## HOW TO COMPLETE THIS TASK
Leave out the pictures and retype, exactly, the lines below from the line with "Home Hardware Paper yard waste bags offer" up to and including the line with "Tory Burch Faux Pearl Station Necklace", nothing more.
### DATA LISTING ###
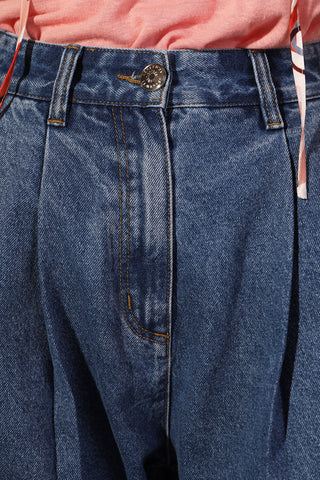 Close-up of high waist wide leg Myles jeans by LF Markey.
###
### DATA LISTING ###
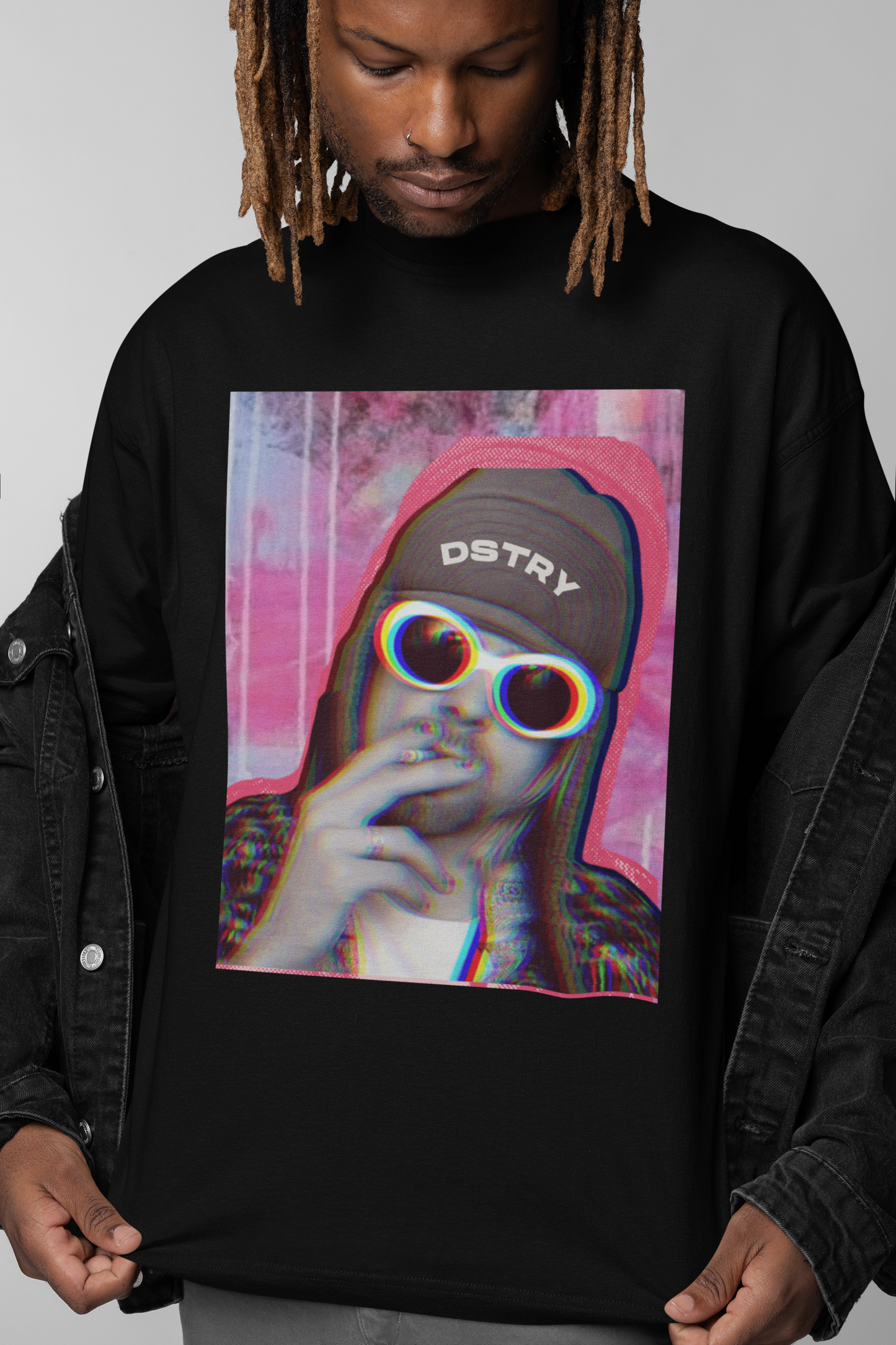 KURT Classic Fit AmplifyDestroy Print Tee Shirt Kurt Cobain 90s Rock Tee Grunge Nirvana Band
###
### DATA LISTING ###
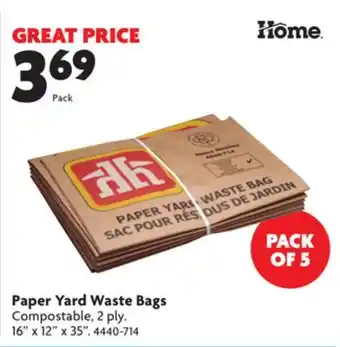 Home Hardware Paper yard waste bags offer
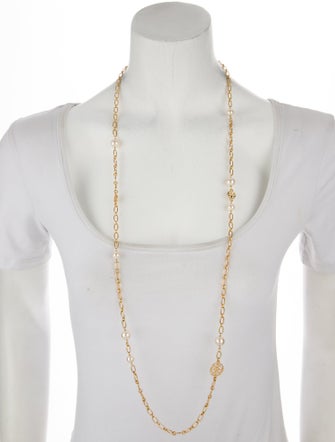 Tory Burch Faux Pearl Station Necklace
###
## EXERCISE SOLUTION
 Home Hardware Paper yard waste bags offer
 Tory Burch Faux Pearl Station Necklace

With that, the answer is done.